For which $c\in \mathbb R$ the function $\kappa(t) := ct^4(1-t)^4$ can be curvature of regular, closed, convex curve

Question

I have the following problem.
Suppose $\alpha:[0,1]\rightarrow \mathbb R^2$ is regular, closed and convex curve.
For which $c\in \mathbb R$ can the following function:
$\kappa:[0,1]\rightarrow\mathbb R$ ; $\kappa(t)= ct^4(1-t)^4$ can be it's curvature (meaning signed curvature , because curvature is always positive by definition)?

My (attempt of) solution:

1. Because $\alpha$ is convex we know that $\alpha\prime\prime\geq0$ $ \forall t\in[0,1]$
2. Because $\alpha$ is closed then there exists $T>0$ such that $\alpha(t) = \alpha(t+T)$ $ \forall t\in[0,1]$.
3. $c\neq0$ because otherwise we have that $\kappa=0$ therefore, $\alpha$ is part of straight line and can't be closed. contradiction.
4. I've read that convex curves curvature is $\geq0$ but I can't find a proper proof for this.
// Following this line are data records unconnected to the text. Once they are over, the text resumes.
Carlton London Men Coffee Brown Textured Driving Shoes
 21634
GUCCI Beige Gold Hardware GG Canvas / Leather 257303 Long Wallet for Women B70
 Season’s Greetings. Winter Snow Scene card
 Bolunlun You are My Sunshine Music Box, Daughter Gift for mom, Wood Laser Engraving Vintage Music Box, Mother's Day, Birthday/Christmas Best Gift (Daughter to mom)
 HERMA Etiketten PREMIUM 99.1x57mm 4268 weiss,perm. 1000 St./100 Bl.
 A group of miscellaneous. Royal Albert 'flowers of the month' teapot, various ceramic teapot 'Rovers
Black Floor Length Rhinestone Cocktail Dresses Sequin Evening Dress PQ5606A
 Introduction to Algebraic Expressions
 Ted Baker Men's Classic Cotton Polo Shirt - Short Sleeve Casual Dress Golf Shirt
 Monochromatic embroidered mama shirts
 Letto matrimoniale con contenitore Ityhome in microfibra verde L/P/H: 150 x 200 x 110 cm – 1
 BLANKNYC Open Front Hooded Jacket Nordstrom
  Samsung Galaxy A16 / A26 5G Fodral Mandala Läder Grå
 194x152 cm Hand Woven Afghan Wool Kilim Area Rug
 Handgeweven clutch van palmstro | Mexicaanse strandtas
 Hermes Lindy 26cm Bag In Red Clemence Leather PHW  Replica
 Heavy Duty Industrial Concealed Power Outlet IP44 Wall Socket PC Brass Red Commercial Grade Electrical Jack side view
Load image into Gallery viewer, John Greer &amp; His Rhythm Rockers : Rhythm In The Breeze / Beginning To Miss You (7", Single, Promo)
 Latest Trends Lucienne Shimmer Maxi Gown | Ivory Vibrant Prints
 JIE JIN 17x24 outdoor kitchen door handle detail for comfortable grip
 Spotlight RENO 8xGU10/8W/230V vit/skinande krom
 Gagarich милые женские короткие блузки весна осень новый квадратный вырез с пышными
Therefore, in conclusion I get that for any $c>0$ $\kappa(t)$ can be it's curvature.
Did I'm miss something?

Answer 1

Ok. So I've managed to combine a formal answer for this question.
$\gamma$ is convex i.e. simple curve by definition therefore, by Hopf Umlaufsatz theorem taking in account that $\gamma$ is simple and closed we get that the value of $\int_\gamma \kappa(t) dt = +/- 2\pi$.
Therefore by simple computation (and taking in account that $\kappa > 0$ because it is convex) we get that $c=1260\pi$